Here is the engine powering the valuation:
1. Starlink: The Financial Backbone
The satellite internet division is no longer a side project. It is the profit center. In 2025, Starlink generated $11.4 billion in revenue, accounting for 61% of SpaceX’s total, with an adjusted EBITDA of $7.2 billion and a staggering 63% margin. In 2026, estimates suggest Starlink revenue could surge 80% to $18.7 billion, representing nearly 80% of the company’s total revenue. With over 10 million subscribers and more than 9,000 satellites orbiting Earth, Starlink has become the cash engine funding the rest of Musk’s interplanetary ambitions.
2. The xAI Acquisition: Betting on the Orbital Cloud
In February 2026, SpaceX acquired Musk’s artificial intelligence company, xAI, in an all-stock deal valuing the combined entity at $1.25 trillion. While xAI brings heavy losses (approximately $2.5 billion annually) and saw its co-founders depart post-acquisition, the deal gave SpaceX control of the Colossus 1 supercomputer, the Grok AI assistant, and the narrative of an “Orbital AI” provider. SpaceX has filed with regulators to deploy up to 1 million satellites to create “space data centers,” a bet that Musk believes will become the cheapest way to run AI computing within two to three years.
3. Starship and Defense: The Heavy Lifter
SpaceX completed 165 orbital launches in 2025, acting as the sole provider for NASA’s astronaut missions to the International Space Station. The company is currently preparing for the first test flight of its massive Starship Version 3 rocket, scheduled for May 20, 2026. On the defense front, SpaceX has been included in Trump’s “Golden Dome” missile defense plan, with the US Space Force awarding the company prototype interceptor contracts.
The "Musk Premium" and Market Mechanics
The drive for the $2 trillion valuation is largely psychological. The “fear of missing out” (FOMO) is a powerful engine in this IPO. After watching Tesla’s value explode over 2,700% in the last decade, institutional and retail investors are terrified of missing the next rocket ship.
“The optionality is richer with SpaceX than Tesla right now,” said Damodaran. “Right now SpaceX is so far ahead of the competition that it’s in better shape than Tesla to deliver on the optionality”.

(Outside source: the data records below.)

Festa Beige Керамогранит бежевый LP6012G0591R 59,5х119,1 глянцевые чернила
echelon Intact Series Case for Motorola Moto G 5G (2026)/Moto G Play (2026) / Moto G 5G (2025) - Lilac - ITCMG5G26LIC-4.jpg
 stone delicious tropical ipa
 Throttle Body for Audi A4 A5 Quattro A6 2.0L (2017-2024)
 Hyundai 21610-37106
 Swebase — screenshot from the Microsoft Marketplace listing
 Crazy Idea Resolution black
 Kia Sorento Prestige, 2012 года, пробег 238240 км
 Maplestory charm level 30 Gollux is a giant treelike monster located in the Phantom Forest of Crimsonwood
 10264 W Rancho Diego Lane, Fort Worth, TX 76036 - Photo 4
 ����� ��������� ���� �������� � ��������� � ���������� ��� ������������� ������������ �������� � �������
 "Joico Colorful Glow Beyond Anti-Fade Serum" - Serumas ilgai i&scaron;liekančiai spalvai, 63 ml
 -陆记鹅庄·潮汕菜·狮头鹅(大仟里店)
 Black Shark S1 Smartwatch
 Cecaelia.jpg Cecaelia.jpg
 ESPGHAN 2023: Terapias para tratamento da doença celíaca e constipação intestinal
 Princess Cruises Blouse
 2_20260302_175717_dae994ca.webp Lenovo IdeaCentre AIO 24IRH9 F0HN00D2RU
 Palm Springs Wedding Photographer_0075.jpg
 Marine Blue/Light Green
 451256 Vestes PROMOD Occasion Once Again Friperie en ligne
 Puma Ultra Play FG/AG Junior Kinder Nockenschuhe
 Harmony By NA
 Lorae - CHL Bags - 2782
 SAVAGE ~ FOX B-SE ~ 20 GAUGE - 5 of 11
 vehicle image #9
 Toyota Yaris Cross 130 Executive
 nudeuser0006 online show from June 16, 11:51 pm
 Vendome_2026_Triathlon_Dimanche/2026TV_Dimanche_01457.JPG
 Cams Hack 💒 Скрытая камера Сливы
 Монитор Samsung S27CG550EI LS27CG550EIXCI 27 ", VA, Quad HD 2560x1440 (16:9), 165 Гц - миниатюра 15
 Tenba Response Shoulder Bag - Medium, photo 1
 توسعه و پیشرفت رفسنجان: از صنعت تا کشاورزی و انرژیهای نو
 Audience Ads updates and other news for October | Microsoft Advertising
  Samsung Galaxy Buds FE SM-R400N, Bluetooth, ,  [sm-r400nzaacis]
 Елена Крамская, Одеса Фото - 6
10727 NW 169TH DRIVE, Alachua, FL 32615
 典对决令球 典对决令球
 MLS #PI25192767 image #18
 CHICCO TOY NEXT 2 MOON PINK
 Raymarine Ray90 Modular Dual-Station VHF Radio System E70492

In a rare move, Musk has stated he will not sell a single share during the IPO, aiming to reassure the market that he is not cashing out. Additionally, the company is reportedly allocating over 20% of the offering to retail investors (far above the typical 10%) and may eschew a standard six-month lock-up in favor of a phased structure to prevent a massive sell-off.
The Risk Factors
Despite the hype, serious headwinds exist. Amazon is rapidly scaling its Project Kuiper satellite network, recently announcing a $11.6 billion acquisition of Globalstar to catch up to Starlink. Meanwhile, Starlink has seen its average revenue per user drop by 18% as it expands into lower-income markets. Furthermore, the xAI acquisition is burning cash at a rate of roughly $1 billion per month, diluting the profitability of the rocket business.
If the IPO hits the $2 trillion mark, it will immediately land among the top five most valuable companies in the world. The countdown to June 12 has officially begun.